Where It All Goes Down
The two settings the speaker uses (the sea and the Titanic) are welded into one aquatic world in "The Convergence of the Twain." At first we're just checking out the solitude of the sea and the ship that's couched at the bottom. But then the speaker gets more specific and takes us way down to the bottom where all of the ship's useless things "lie lightless." So it's as if we get two settings in one. First the speaker gives us the big picture, then he zooms into the smaller details. It's kind of similar to what we'd see in a movie, The Lord of the Rings, for example. In the beginning we see some pretty landscapes, and then the director brings us into the Shire with tiny hobbits.
At the same time we're aware of an overarching "Immanent Will" that's driving everything together. For a moment we're traveling back in time to when the Titanic was being built under the influence of this immanent force and then we're reminded of its "later history." So even the time period moves back and forth, kind of like the ocean tide.

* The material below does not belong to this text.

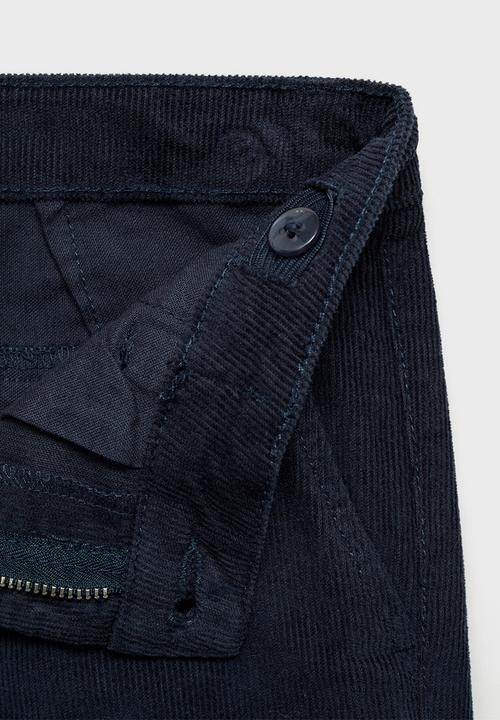 MANGO - Trousers canigo - navy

But the biggest players in the poem's setting are definitely the sea and Titanic. And once the Titanic becomes part of the ocean world with curious fish that can't make sense of it, we might even find ourselves contemplating the setting of humanity's truer self. In other words, the sea becomes a kind of setting that symbolizes man's inner world that's far from his ego and pride. So our speaker does more with the surroundings of the poem than just setting a stage for us.